The hearing on Friday will focus on Harvard's motion to dismiss the suit. It is scheduled one week after 34 students staged a 24-hour sit-in at Harvard's administrative offices to protest the university's investments in fossil fuels, and just as more alumni begin joining the student activists.
"The goal of the sit-in last week was first to bring the issue quite literally to the Harvard administration's doorstep so it couldn't be ignored," said Talia Rothstein, a sophomore involved with student-led activism group Divest Harvard. Rothstein said she believes this confrontational approach is needed to get Harvard to budge, and that more demonstrations are planned for April with increased alumni participation.
The university did not respond to request for comment from HuffPost. Harvard has steadfastly refused to divest from fossil fuel companies in the past, and in the last quarter even increased its investments in oil and gas companies, much to the chagrin of certain Harvard alumni groups.
The group Divest Harvard Alumni accused the university of "amorally investing ... in a catastrophic future" in a Jan. 21 letter signed by 82 Crimson graduates.
The Harvard Radcliffe Club of Vermont became the first regular Harvard alumni club recently to endorse divestment through a vote of their members, with 76 percent voting in support of a divestment resolution. Club members sent a letter on Feb. 9 to the university and the governing corporation explaining how "unusual" it was for them to pressure the Harvard administration about this.
According to the student activists, more than 200 faculty and 1,000 alumni have signed on in support of divestment.
But Ben Franta, a Harvard Ph.D. candidate in applied physics, said not all alumni are supportive of activists like him.

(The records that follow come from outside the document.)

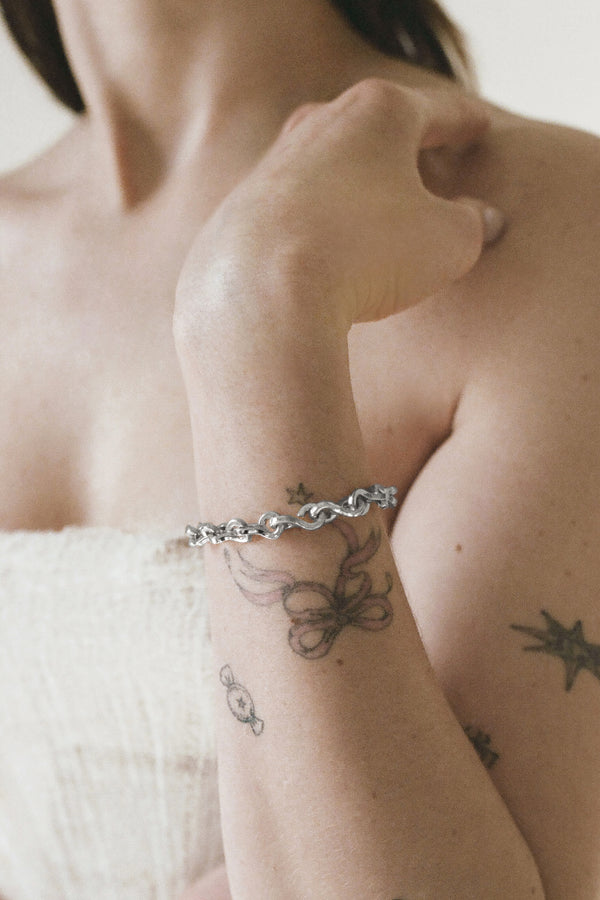 Laura Lombardi Silver Nuova Bracelet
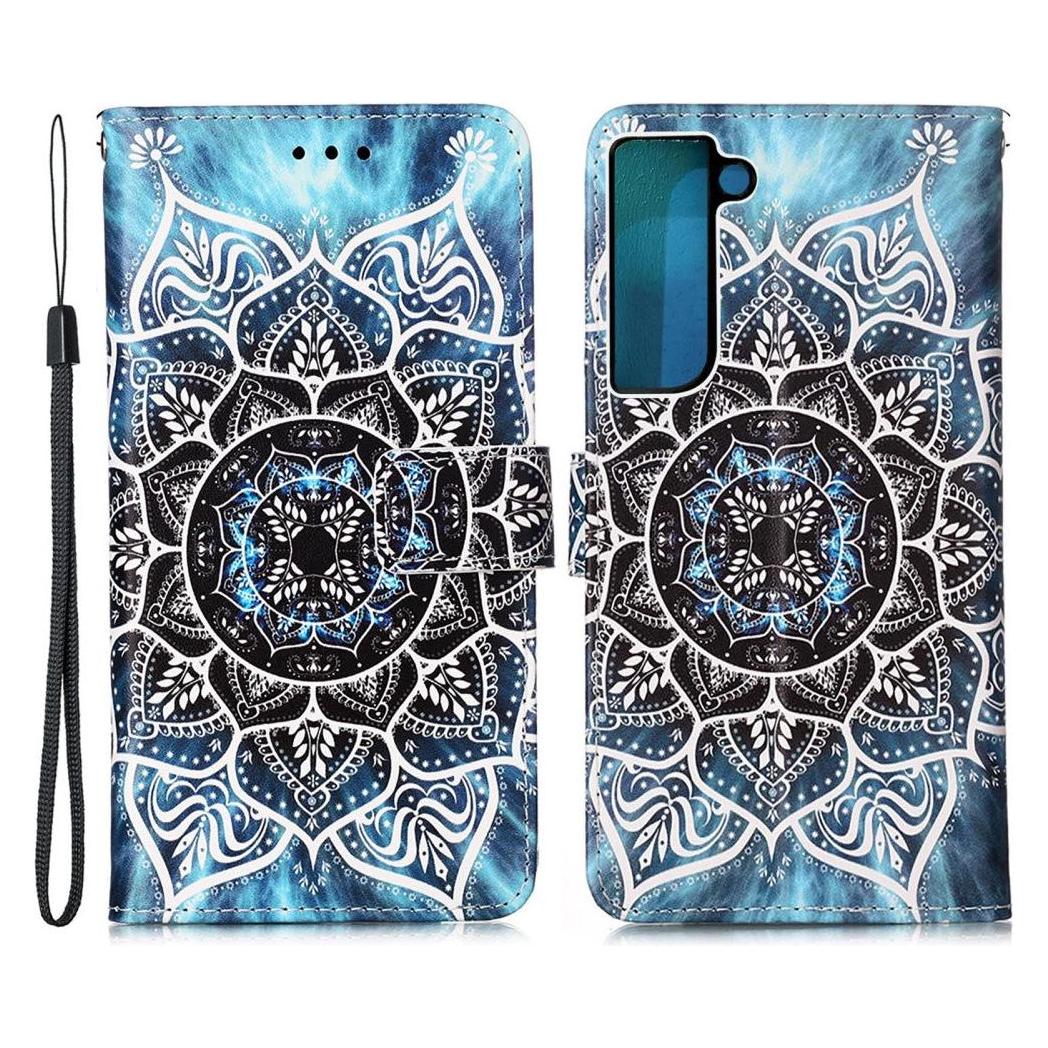 Cover-Discount Galaxy S22 - Leder Hülle Etui Mandala (Samsung Galaxy S22) (101241369E)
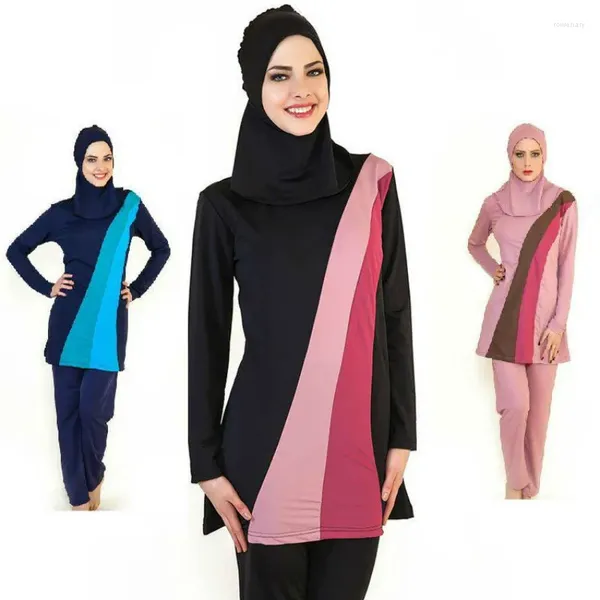 Mulheres de banho feminina Mulheres muçulmanas Islâmicas Ministro completo Hijab Swimming Beachwear Clothing Burkinis Beach Bathing Suiting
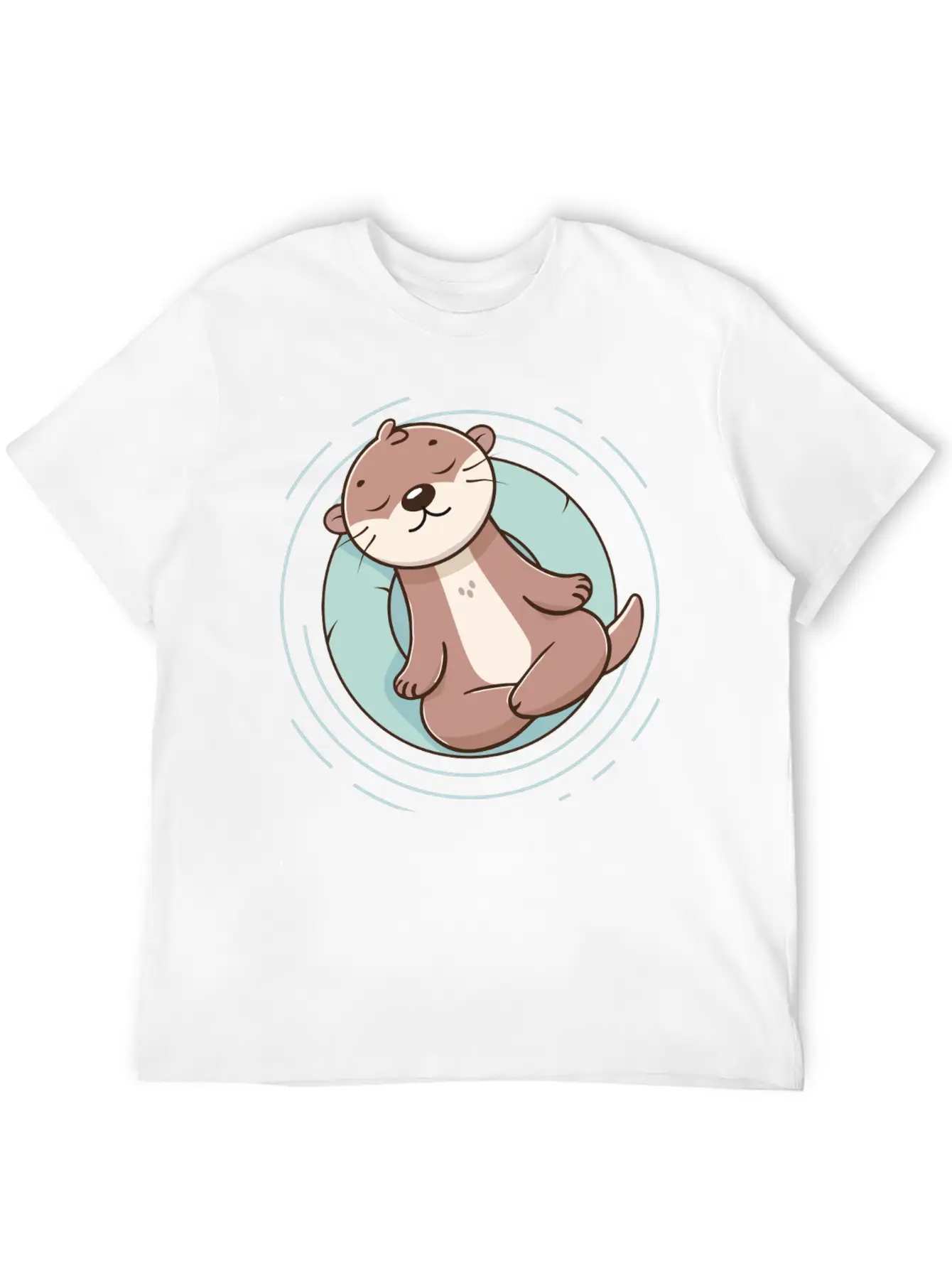 Otter Enjoying A Relaxing Meditation Stylish Everyday T-Shirt – Unisex Basic Cotton Tee
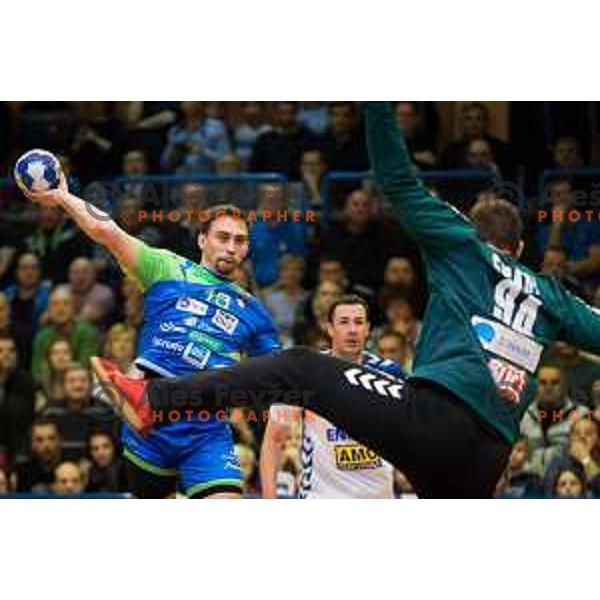 Darko Cingesar of team Slovenia in action during friendly handball match between Slovenia and Serbia, played in Osnovna Sola 3, Murska Sobota, Slovenia on January 9, 2018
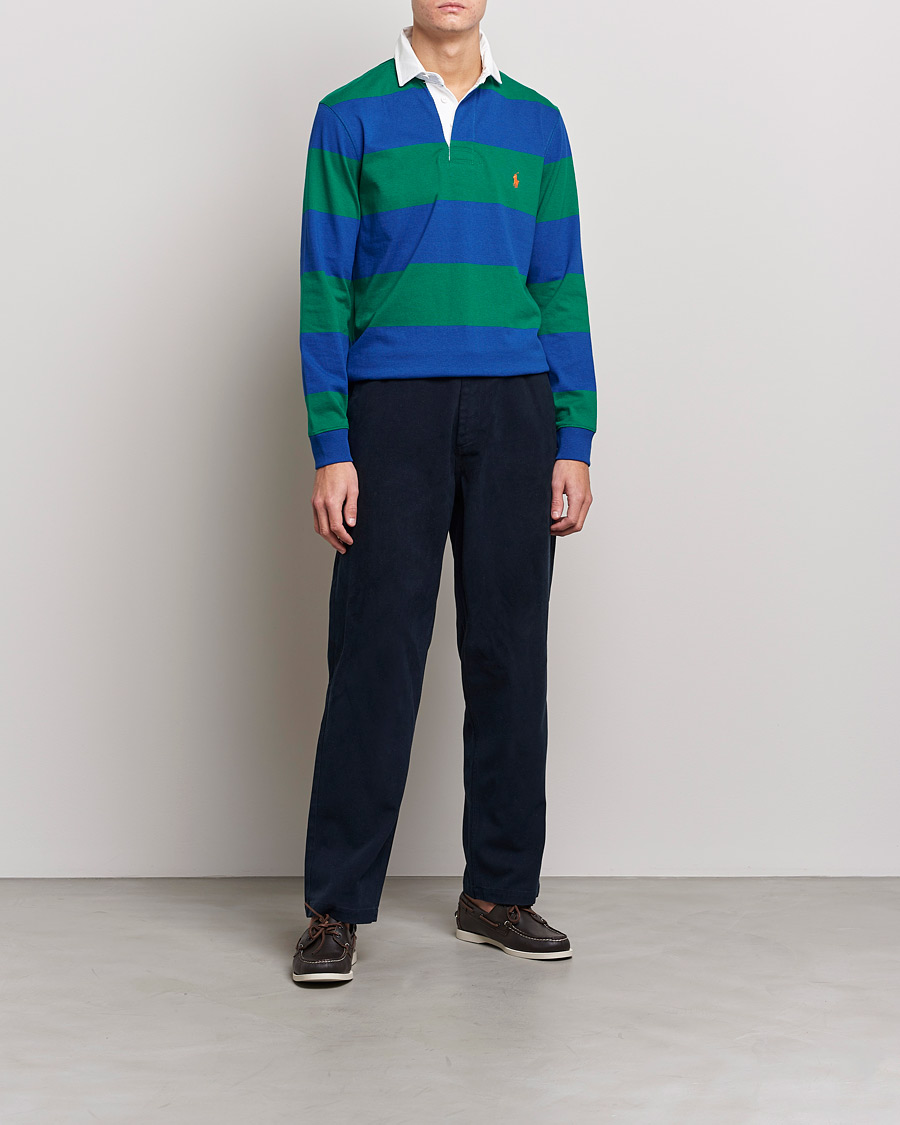 Uomini | Maglieria | Polo Ralph Lauren | Jersey Striped Rugger Blue/Green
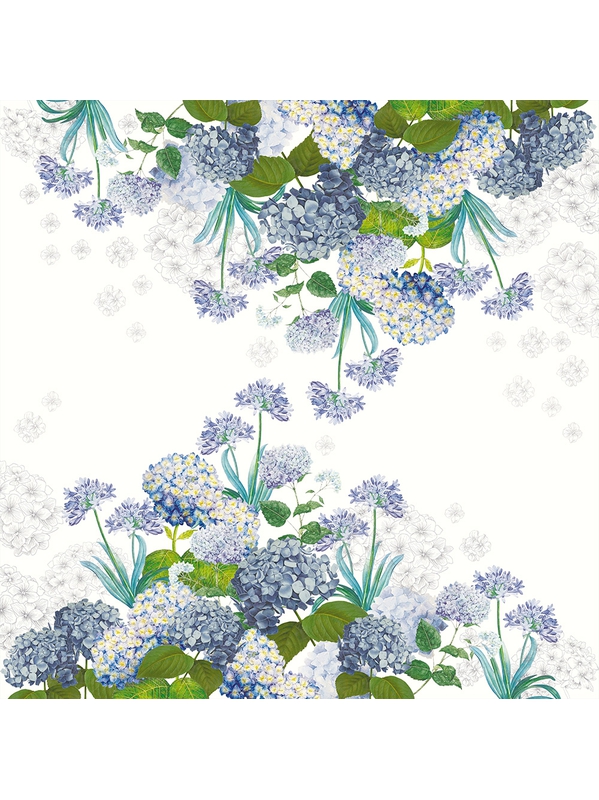 JARDIN DE BRETAGNE BLEU – Tischdecke von Garnier Thiebaut – Bild 3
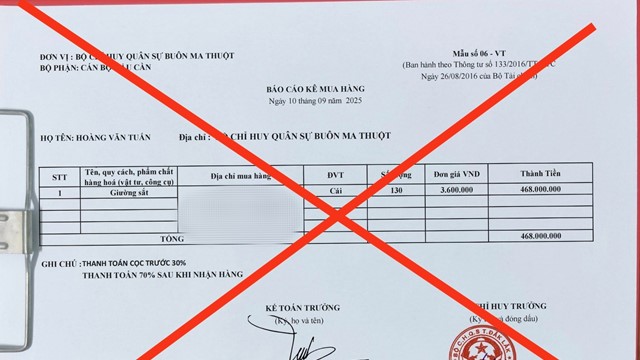 Công an Đắk Lắk phát cảnh báo quan trọng liên quan đến ‘Cán bộ Bộ Chỉ huy Quân sự’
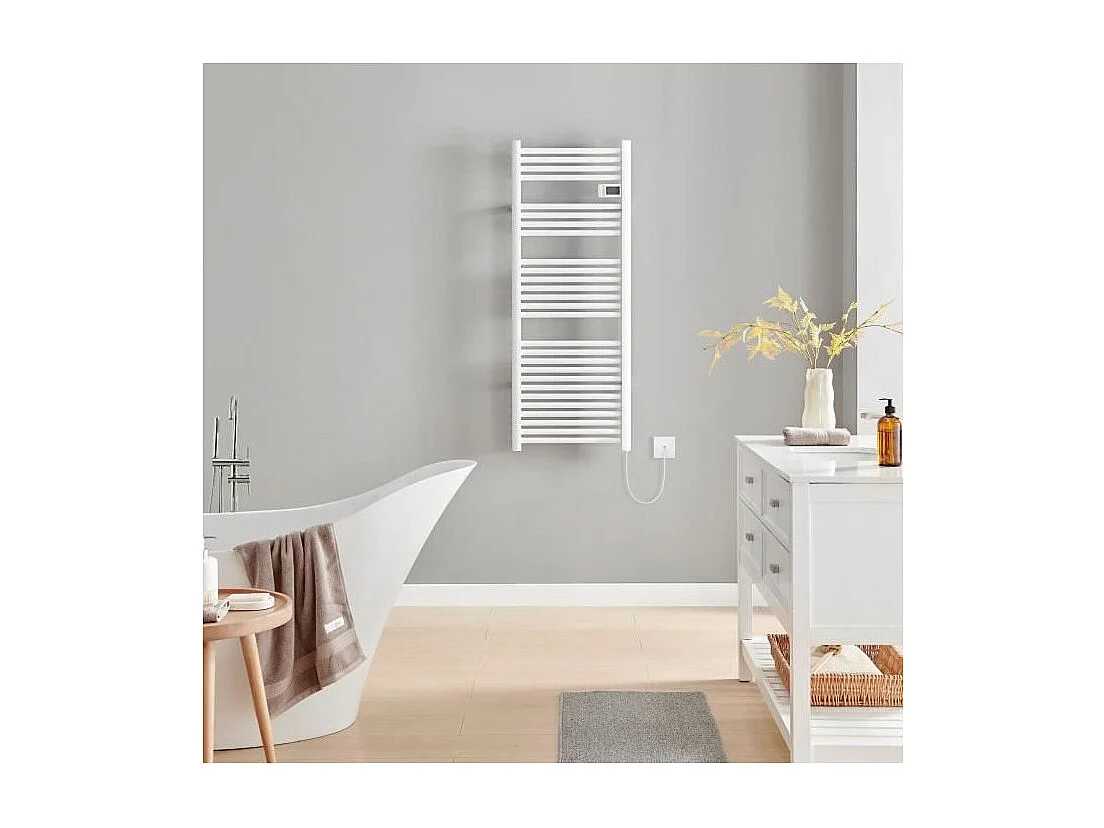 Radiateur seche-serviettes OCEANIC sans soufflerie - 700W - Blanc mat - NF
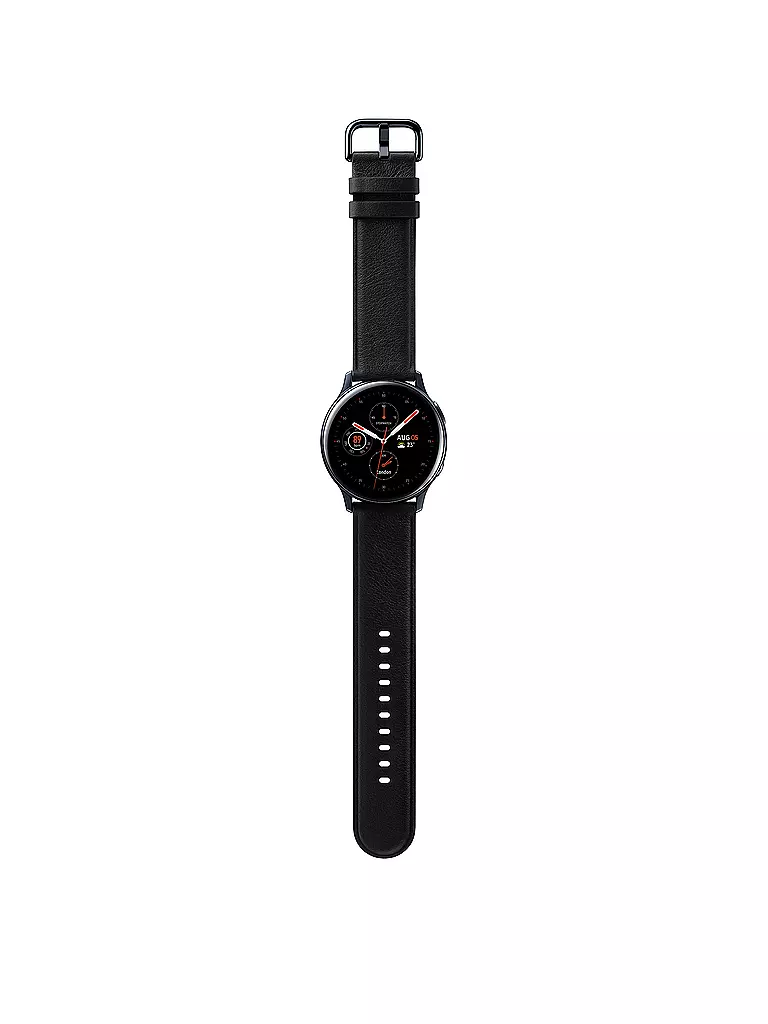 SAMSUNG | Smartwatch Galaxy Watch Active2 LTE Edelstahl 40mm | schwarz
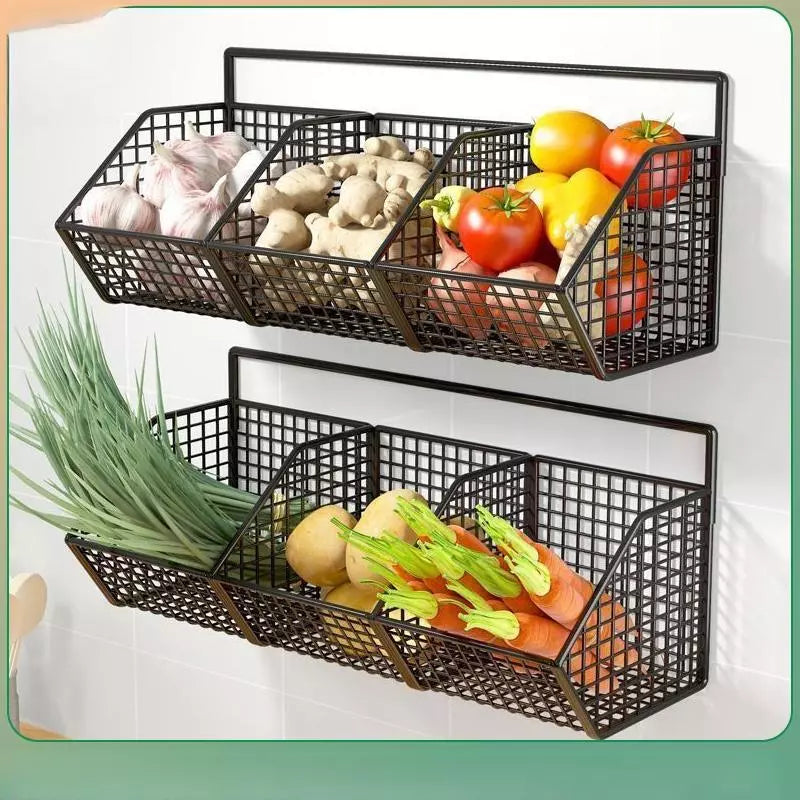 Kitchen Wall Hanging Shelf Rack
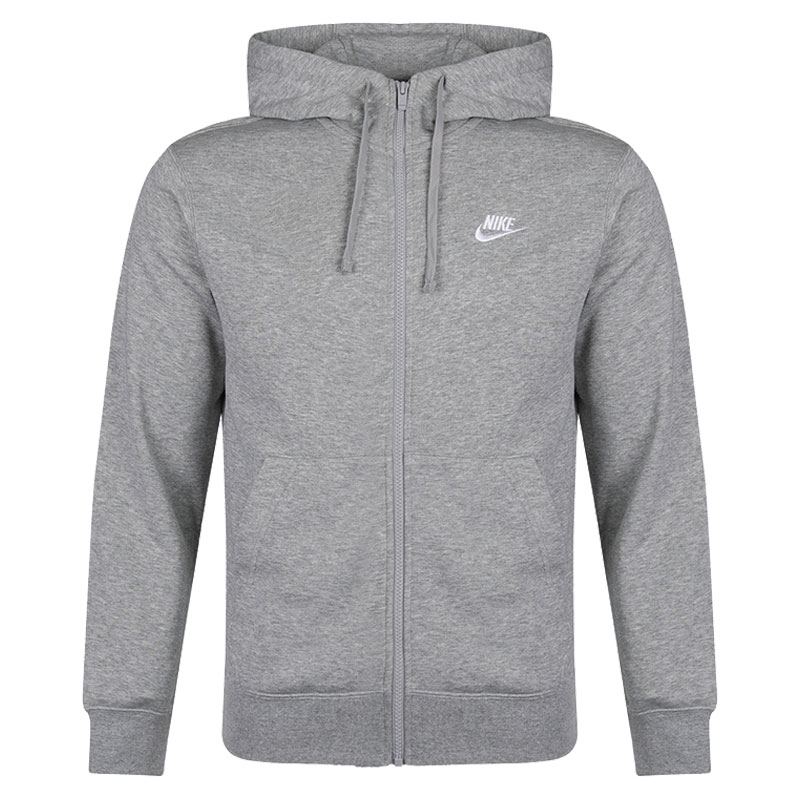 【滔搏联动】NIKE耐克男子CLUB HOODIE FZ FT针织外套BV2649-063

"Handing out informational flyers on divestment at alumni reunions, for example, I've had alums -- usually well-heeled -- tell me that I should be ashamed of myself," Franta said. "But these alumni usually don't have the courage of their convictions. They'll snipe and 'troll,' so to speak, but they won't engage in a real discussion, and they won't organize. They won't fight. I'm not that worried about them."